Personally, I liked some of the runners-up and dishonorable mentions more than the actual winner (which was, admittedly, quite good… er, bad), but most of the entries are fine examples of prose gone horribly, horribly wrong. Enjoy! Or not. I’m not really sure.

Thermodynamic Confusion

Posted on Aug 07, 2008 | Tagged as: Language

I’m cruising by the living room yesterday on the short trip back to the bedroom when the Soon-to-Be Mrs. calls from the couch, “While you’re there, could you turn up the air conditioning?” I sketch a little salute without breaking stride, pull up next to the thermostat, hover my finger over the temperature buttons and pause.
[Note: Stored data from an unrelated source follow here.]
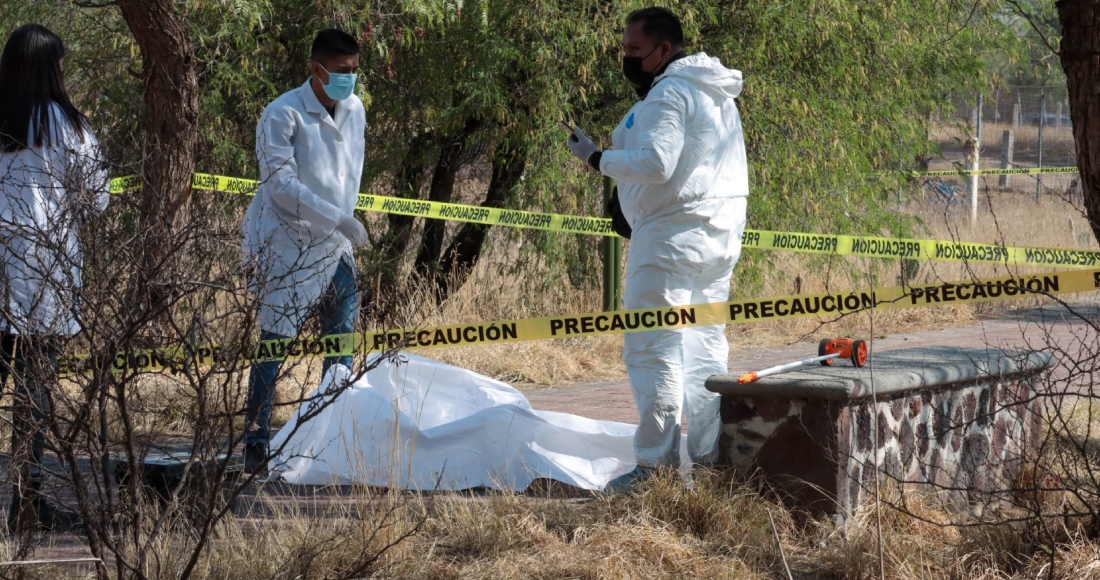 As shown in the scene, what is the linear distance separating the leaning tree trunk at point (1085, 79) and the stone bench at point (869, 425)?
66 cm

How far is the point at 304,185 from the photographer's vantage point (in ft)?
18.4

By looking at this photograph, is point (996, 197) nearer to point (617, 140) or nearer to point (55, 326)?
point (617, 140)

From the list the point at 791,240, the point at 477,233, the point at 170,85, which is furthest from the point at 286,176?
the point at 477,233

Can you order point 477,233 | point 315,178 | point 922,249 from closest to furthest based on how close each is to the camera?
1. point 315,178
2. point 922,249
3. point 477,233

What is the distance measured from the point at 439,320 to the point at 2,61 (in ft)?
16.8

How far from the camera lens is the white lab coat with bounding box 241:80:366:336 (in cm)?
554

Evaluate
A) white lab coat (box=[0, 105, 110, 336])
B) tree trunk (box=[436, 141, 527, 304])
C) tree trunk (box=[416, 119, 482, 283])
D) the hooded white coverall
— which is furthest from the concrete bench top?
tree trunk (box=[416, 119, 482, 283])

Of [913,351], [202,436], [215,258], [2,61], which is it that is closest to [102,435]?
[202,436]

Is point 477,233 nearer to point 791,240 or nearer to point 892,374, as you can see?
point 791,240

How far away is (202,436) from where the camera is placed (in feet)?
11.5

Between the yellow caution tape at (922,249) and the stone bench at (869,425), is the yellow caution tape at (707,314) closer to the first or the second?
the stone bench at (869,425)

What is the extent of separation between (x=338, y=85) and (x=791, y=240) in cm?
351

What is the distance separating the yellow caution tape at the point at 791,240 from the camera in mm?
6266

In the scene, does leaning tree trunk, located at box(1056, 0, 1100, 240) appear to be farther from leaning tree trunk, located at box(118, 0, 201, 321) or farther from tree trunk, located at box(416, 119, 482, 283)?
tree trunk, located at box(416, 119, 482, 283) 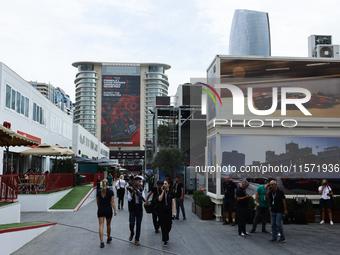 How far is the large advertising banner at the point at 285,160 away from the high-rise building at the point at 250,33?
446 ft

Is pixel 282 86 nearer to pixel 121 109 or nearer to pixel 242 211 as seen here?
pixel 242 211

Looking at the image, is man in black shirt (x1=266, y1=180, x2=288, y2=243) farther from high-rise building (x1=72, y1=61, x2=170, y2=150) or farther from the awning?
high-rise building (x1=72, y1=61, x2=170, y2=150)

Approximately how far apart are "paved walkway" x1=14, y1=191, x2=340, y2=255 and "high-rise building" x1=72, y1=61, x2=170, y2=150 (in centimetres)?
14272

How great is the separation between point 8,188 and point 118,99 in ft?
480

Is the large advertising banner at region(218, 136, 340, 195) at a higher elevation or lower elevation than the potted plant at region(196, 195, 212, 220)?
higher

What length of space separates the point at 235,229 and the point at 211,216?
7.15 ft

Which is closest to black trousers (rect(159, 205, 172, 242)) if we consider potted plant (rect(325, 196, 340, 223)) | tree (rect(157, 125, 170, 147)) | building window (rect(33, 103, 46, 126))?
potted plant (rect(325, 196, 340, 223))

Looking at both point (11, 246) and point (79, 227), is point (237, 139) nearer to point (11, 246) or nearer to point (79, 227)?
point (79, 227)

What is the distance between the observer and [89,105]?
156m

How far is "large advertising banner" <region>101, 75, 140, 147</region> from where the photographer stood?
155m

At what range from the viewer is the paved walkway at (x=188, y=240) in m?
8.31

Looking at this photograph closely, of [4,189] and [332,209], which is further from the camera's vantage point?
[332,209]

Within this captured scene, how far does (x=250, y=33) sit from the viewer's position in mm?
145875

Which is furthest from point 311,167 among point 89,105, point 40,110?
point 89,105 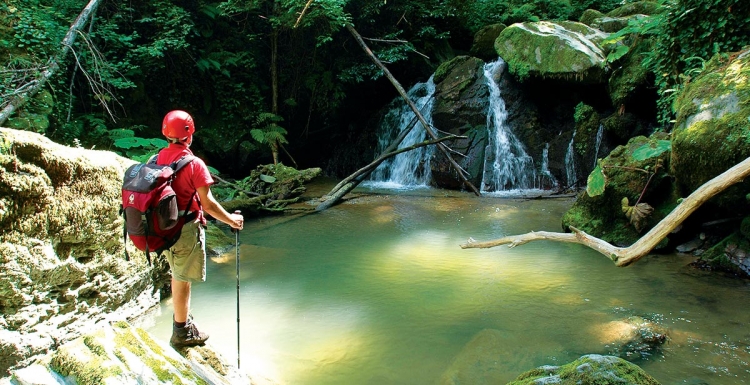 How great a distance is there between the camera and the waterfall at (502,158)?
36.2 ft

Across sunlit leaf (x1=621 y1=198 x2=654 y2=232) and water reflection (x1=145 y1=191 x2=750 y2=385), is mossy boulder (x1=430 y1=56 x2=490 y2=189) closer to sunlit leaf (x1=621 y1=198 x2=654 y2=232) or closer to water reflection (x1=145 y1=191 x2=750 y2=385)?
water reflection (x1=145 y1=191 x2=750 y2=385)

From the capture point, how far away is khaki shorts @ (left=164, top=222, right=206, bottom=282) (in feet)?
9.67

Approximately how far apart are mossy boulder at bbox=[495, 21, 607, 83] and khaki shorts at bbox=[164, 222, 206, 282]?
32.1 ft

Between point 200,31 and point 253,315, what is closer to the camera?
point 253,315

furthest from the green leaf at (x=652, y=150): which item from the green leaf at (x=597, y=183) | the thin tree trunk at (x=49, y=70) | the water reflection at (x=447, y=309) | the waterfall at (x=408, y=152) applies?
the thin tree trunk at (x=49, y=70)

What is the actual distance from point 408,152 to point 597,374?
10407mm

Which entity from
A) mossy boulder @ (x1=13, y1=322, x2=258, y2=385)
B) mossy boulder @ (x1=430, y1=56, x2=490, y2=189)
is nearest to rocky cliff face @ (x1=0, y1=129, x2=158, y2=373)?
mossy boulder @ (x1=13, y1=322, x2=258, y2=385)

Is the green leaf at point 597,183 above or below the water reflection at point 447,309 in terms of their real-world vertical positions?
above

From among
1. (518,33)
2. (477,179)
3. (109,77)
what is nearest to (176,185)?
(109,77)

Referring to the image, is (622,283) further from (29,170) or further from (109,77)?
(109,77)

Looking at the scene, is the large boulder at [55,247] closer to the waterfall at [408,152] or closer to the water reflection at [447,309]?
the water reflection at [447,309]

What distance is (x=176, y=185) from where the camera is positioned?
109 inches

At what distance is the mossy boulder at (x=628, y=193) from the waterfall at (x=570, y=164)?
404cm

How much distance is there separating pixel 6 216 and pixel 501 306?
4.31 m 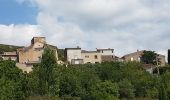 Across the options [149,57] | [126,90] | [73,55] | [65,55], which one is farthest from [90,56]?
[126,90]

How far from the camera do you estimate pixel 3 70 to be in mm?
65000

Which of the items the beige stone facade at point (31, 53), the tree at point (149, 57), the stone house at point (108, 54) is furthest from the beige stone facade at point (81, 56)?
the tree at point (149, 57)

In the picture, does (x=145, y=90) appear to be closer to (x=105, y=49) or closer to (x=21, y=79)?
(x=21, y=79)

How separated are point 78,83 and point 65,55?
4206 centimetres

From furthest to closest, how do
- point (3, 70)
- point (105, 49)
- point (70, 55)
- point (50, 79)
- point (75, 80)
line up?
point (105, 49)
point (70, 55)
point (75, 80)
point (3, 70)
point (50, 79)

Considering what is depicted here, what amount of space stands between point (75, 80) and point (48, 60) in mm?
9522

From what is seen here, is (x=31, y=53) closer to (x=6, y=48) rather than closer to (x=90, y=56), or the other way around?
(x=90, y=56)

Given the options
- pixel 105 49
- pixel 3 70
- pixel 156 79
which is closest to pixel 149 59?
pixel 105 49

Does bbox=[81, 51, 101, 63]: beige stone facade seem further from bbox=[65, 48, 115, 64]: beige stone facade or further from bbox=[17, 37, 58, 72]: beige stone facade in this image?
bbox=[17, 37, 58, 72]: beige stone facade

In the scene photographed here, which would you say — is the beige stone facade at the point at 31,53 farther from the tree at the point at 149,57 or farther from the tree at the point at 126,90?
the tree at the point at 126,90

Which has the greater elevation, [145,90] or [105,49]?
[105,49]

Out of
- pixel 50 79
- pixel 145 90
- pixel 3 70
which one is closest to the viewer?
pixel 50 79

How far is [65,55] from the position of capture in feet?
366

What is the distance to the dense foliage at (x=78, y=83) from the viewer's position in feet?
188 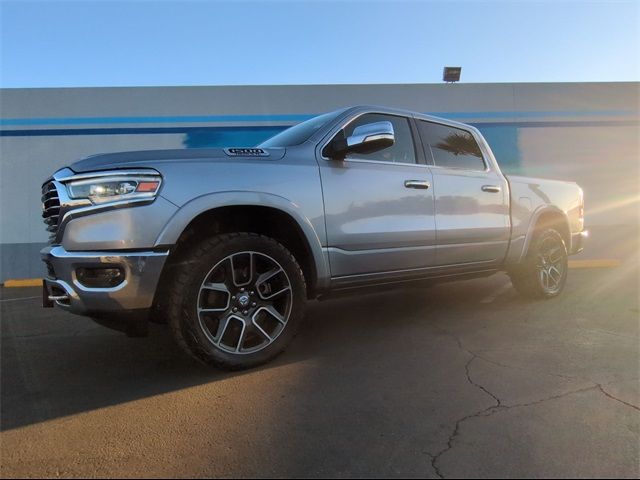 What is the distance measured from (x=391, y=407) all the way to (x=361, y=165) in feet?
6.48

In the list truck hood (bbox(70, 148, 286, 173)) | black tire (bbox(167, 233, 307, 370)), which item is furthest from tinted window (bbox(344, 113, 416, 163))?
black tire (bbox(167, 233, 307, 370))

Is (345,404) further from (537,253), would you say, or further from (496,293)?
(496,293)

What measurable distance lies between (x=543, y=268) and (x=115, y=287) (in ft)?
15.9

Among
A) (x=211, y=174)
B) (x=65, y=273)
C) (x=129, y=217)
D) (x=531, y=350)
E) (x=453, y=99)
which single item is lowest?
(x=531, y=350)

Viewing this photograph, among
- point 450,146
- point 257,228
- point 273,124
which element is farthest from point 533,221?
point 273,124

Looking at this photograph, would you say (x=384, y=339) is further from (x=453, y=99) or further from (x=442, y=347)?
(x=453, y=99)

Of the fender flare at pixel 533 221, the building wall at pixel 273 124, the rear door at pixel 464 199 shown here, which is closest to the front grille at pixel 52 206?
the rear door at pixel 464 199

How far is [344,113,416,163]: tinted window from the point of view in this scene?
4125mm

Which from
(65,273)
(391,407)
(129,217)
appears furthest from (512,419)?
(65,273)

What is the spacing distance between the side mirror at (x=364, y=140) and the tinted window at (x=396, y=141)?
0.20 metres

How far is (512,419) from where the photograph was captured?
8.75ft

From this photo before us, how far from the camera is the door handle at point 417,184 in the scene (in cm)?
420

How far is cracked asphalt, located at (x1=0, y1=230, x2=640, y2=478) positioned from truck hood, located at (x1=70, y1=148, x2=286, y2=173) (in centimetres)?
148

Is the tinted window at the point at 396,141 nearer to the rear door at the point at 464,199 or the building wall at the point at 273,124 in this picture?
the rear door at the point at 464,199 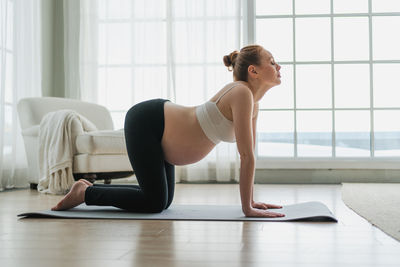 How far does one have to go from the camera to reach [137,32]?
4961mm

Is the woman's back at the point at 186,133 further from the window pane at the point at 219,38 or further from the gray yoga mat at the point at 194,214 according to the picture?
the window pane at the point at 219,38

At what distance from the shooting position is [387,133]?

Turn up the air conditioning? Now, does that mean she wants it colder, as in, “Turn up the amount of cold air being produced,” or does she want it warmer as in, “Turn up the temperature”? If someone tells you to turn up the heat, that’s obvious. Make it warmer. An increase in heat equals an increase in temperature. But with air conditioning, the inverse is true. If I turn up the air, I’m turning down the temp. Is that what she actually wants?

I’m standing there pondering this when the SBM calls from the other room: “Did you turn up the AC yet? It’s freezing in here.”

Ah, there we go.

A New Word

Posted on Jul 27, 2008 | Tagged as: Language

My fiancee has created a new word for the growing Internet-age lexicon. She went to iTunes the other day, bought some music. Later, she was telling me about it and sort of stumbled in the telling. Did she download some music? That sounds like it was free. Did she buy some music? That only tells half the story. Did she buy and download some music? Accurate, but too wordy. She thought about it a second. What did she do?

Downbuy.

That’s it, folks. That’s the word to describe any sort of electronic purchase where you are able to download the content and use it immediately. You downbuy it. Past tense, downbought. Works with iTunes (music and video), Xbox Live or PlayStation Network content, Amazon Kindle books, or anything else you can buy online, download, and start using. “I’m going to go to iTunes and downbuy the new Burning Puppies CD.” It’s snappy, descriptive, and sounds just vaguely geeky enough to be considered cool by the Web folks.

Hey, it makes more sense than “LOL,” “pwn,” and whatever hell “teh roxxorz!!1!” is.